Tendo a concordar com Enrico Ferri. Mas não inteiramente.
Relembro aqui que Ferri, junto com Cesare Lombroso (1835-1909) e
Raffaele Garofalo (1851-1934), é um dos três grandes da chamada Escola
Positiva do Direito Penal. Ferri foi, inclusive, aluno de Lombroso.
Em razão disso, em sua análise da coisa (falo da presença dos tipos
criminais nas artes decorativas), Ferri dá um grande destaque à ideia do
criminoso nato, com seus traços fisionômicos característicos, da
antropologia criminal lombrosiana. Para ele, os traços de fealdade
descritos pelo seu professor, “verdades muito recentemente conquistadas
pela ciência”, nunca escaparam à clarividência dos grandes pintores.
Segundo Ferri, “a propósito dos criminosos nas artes decorativas,
podemos concluir com Lefort: – ‘Os artistas de todos os tempos
deixaram-se guiar pela ideia de que a fealdade do corpo devia
corresponder à fealdade da alma, e de que o criminoso devia ter uma
fisionomia estranha, repugnante, inspirando desconfiança. Os pintores
das escolas italiana, flamenga, espanhola e francesa chegaram a criar,
empiricamente, um tipo cujos caracteres principais são: a face muito
larga para um crânio geralmente pequeno, algumas vezes em forma de pão
de açúcar (oxicefalia), ou muito desenvolvido na parte posterior
(braquicefalia occipital). A fronte é fugidia, achatada, limitada em
baixo pelos ss dos supercílios; os olhos, assimétricos, salientes e
redondos; o olhar, fixo, duro ou vítreo; as faces, grossas, com zigomas
enormes, fazendo desaparecer a saliência do nariz frequentemente
achatado, arqueado (arqueado como o bico das aves de rapina) e torto
para um dos lados. Os maxilares prognatas, os lábios grossos e revirados
para fora, o queixo muito grande e quadrado. As orelhas em asa são mal
feitas, pontiagudas em cima e com o lóbulo pouco destacado ou quadrado.
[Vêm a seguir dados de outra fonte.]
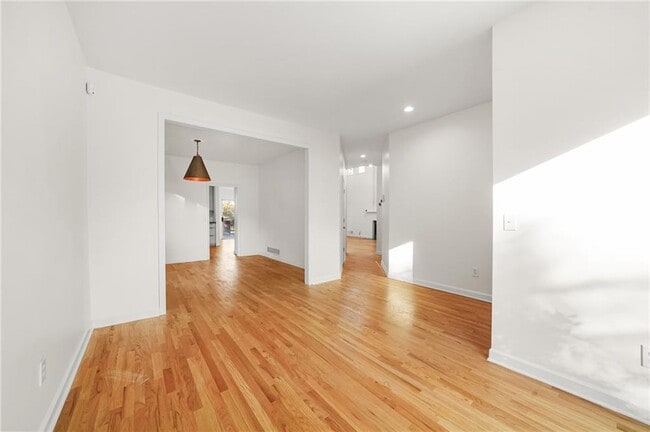 Building Photo - 1086 Pine Grove Ave NE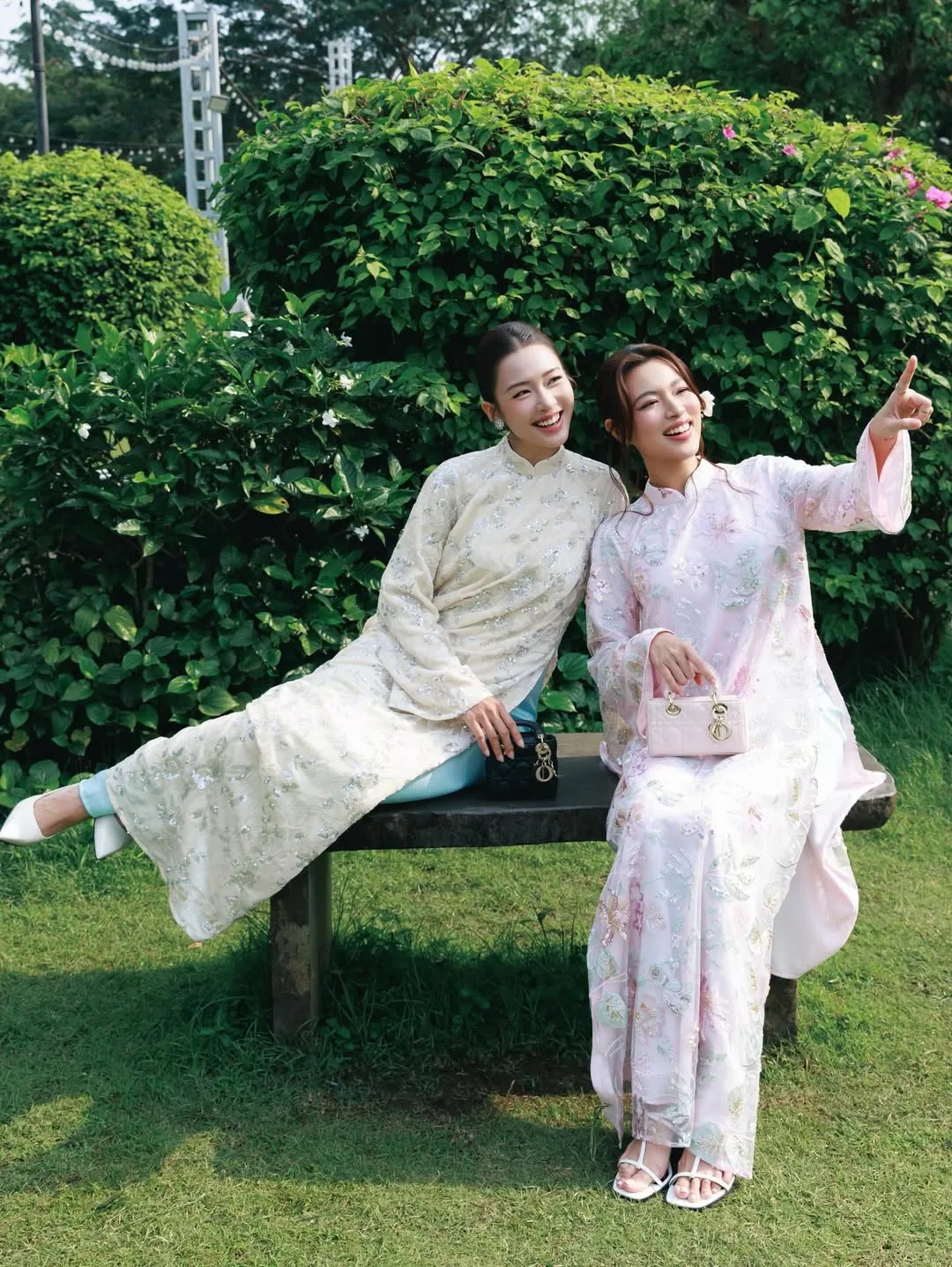 Tú Hảo và Mai Vân Trang mặc áo dài kim sa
Os cabelos são abundantes; não há sinal de barba’”.
Dizer que
isso (de reconhecer a correção da tal teoria do criminoso nato) é
baboseira pseudocientífica seria muito grosseiro de minha parte. Mas,
definitivamente, nesse ponto, não concordo com o grande Ferri.
Afinal, nunca fui um lombrosiano. Nem quando aprendi um pouquinho de
criminologia na querida Universidade Federal do Rio Grande do Norte.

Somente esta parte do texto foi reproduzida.